Tom Lane wrote:
> Andrew Dunstan <andrew@dunslane.net> writes:
>
>> Tom Lane wrote:
>>
>>> +1 on that. The problem of ensuring atomic output remains though
>>> (see nearby complaints from George Pavlov and others).
>>>
>
>
>> Is that the one you suggested trying to fix by calling write() instead
>> of fprintf()? If so, I can't think of any good reason not to do that
>> anyway.
>>
>
> Probably not, but it doesn't fix the problem for long log lines (more
> than PIPE_BUF bytes).
>
> The other little problem (which is the reason we like the stderr
> approach in the first place) is that not all the stderr output we want
> to capture comes from code under our control. This may not be a huge
> problem in production situations, since the main issue in my experience
> is being able to capture dynamic-linker messages when shlib loading fails.

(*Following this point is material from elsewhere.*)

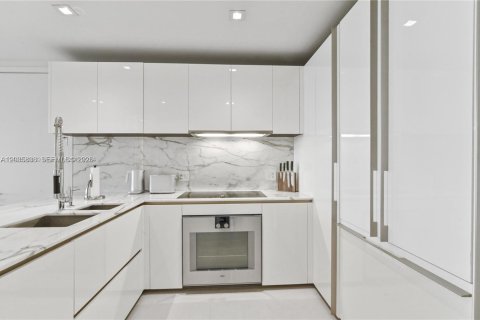 Copropriété à louer à Bal Harbour, Floride: 2 chambres, 158.31 m2 № 2169209 - photo 8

> But it is a stumbling block in the way of any proposals that involve
> having a more structured protocol for the stuff going down the wire :-(
>
>
>
I have been trying to think of how we can get around the problem of
multiplexing our own output inappropriately. I have no great insights,
but I did think of these:
. use one pipe per backend instead of one per postmaster, and have the
syslogger poll them all.
. use a mutex to control access to the pipe
. same as previous but use a worker thread for each backend to do
logging so blocking on the mutex wouldn't block the backend
All of these look like a lot of work for a relatively infrequent
problem, not to mention plenty of other disadvantages.